[1/N,MPX,x86_64] Intel MPX support in glibc for x86_64

Message ID CAMe9rOo=Vu_KSitiRp6k09kjm+QT2XgOw7Wkfz_6cFPTuneDHg@mail.gmail.com
State Committed
Headers

Commit Message

H.J. Lu April 1, 2014, 7:43 p.m.
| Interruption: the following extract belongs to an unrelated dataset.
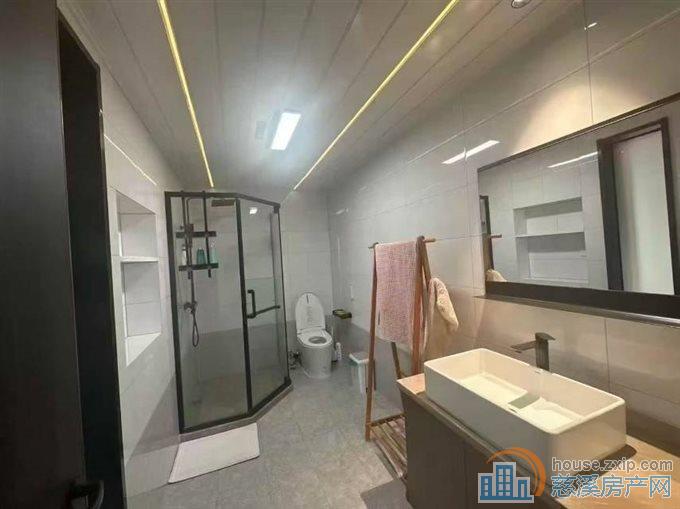 特价急售嘉景园电梯房120平139，8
UTC
  On Tue, Apr 1, 2014 at 11:29 AM, Roland McGrath <roland@hack.frob.com> wrote:
> Can you use some macros for the stack offset constants?  There are too many
> magic numbers and too much undescribed arithmetic in that code already.
> That should be able to consolidate the #ifdef __ILP32__ into one spot.
>

This patch defines REGISTER_SAVE_AREA to specify area on stack
to save/restore registers used in parameter passing.  I didn't add stack
offset macros for individual registers.  I can submit a separate patch if
it is desired.

Any feedbacks on this patch?

Thanks.
  

Patch

From 88c6ca0bef20fa9fb71355fac3da526a138dd724 Mon Sep 17 00:00:00 2001
From: Igor Zamyatin <igor.zamyatin@intel.com>
Date: Tue, 1 Apr 2014 10:16:04 -0700
Subject: [PATCH] Save/restore bound registers in _dl_runtime_resolve

This patch saves and restores bound registers in symbol lookup for x86-64:

1. Branches without BND prefix clear bound registers.
2. x86-64 pass bounds in bound registers as specified in MPX psABI
extension on hjl/mpx/master branch at

https://github.com/hjl-tools/x86-64-psABI
https://groups.google.com/forum/#!topic/x86-64-abi/KFsB0XTgWYc

Binutils has been updated to create an alternate PLT to add BND prefix
when branching to ld.so.

	* config.h.in (HAVE_MPX_SUPPORT): New #undef.
	* sysdeps/x86_64/configure.ac: Set HAVE_MPX_SUPPORT.
	* sysdeps/x86_64/configure: Regenerated.
	* sysdeps/x86_64/dl-trampoline.S (REGISTER_SAVE_AREA): New
	macro.
	(_dl_runtime_resolve): Use it.  Save and restore Intel MPX
	bound registers when calling _dl_fixup.
---
 ChangeLog                      | 11 +++++++++
 config.h.in                    |  3 +++
 sysdeps/x86_64/configure       | 27 ++++++++++++++++++++++
 sysdeps/x86_64/configure.ac    | 15 +++++++++++++
 sysdeps/x86_64/dl-trampoline.S | 51 +++++++++++++++++++++++++++++++++++++-----
 5 files changed, 101 insertions(+), 6 deletions(-)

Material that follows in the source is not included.